Friday, February 3, 2012
A Sad Honey Tale
It was the end of the season (late August). Those honey supers all needed to come off. Many frames were not fully capped, others had mostly cured honey and some had nectar. Because I needed to put treatments on I had to take them all off the hives.
And I forgot.
A couple months went by. I was collecting a pail so I could make creamed honey. It was then I discovered my mistake. When I took off the lid I could smell fermentation. And the honey tasted a little fruity.
The surface of the pail was very liquidy - the water on top and crystallized honey below. I felt sick about it. Three pails were affected. Thank God they weren't all completely full.

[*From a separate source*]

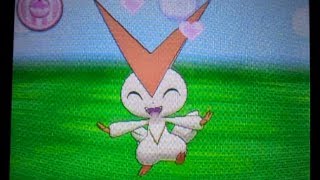 Victini in Pokémon Amie [upl. by Nyrhtak466]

Two are in the freezer which will hold them in stasis. I'm not sure what can be done with them. I'm hoping they can be used for mead. (I can't stand waste and I don't think I could throw it out).
[Photo - water steams will the honey heats in a double boiler].
One pail I thought I would cook to see if that would improve the flavour. It certainly wouldn't be used for sale but hopefully it could be used for baking.
I created a double boiler with water in a pot and a bamboo steamer. Then another pot with the honey in it was set in. The water steamed away and I cooked the honey slowly for an hour or so. It did thicken and the flavour did improve. I wouldn't use it to sweeten my tea but I think it'll be okay in baking, like muffins or banana bread. I'll have to report back on that.
This has been hard to write about because I'm so mad at myself. The bees worked so hard to make it so how could I forget to check it? Ihave to accept that it just happened, learn from it and move on.
I will get a refractometer so I can be sure the honey's moisture content is below 18%. [Photo - honey darkens when heated at higher temperatures].
So please learn from my mistake and remember to check your honey for it's water content before you set those jars on the shelf and move on to life's busy non-bee related things.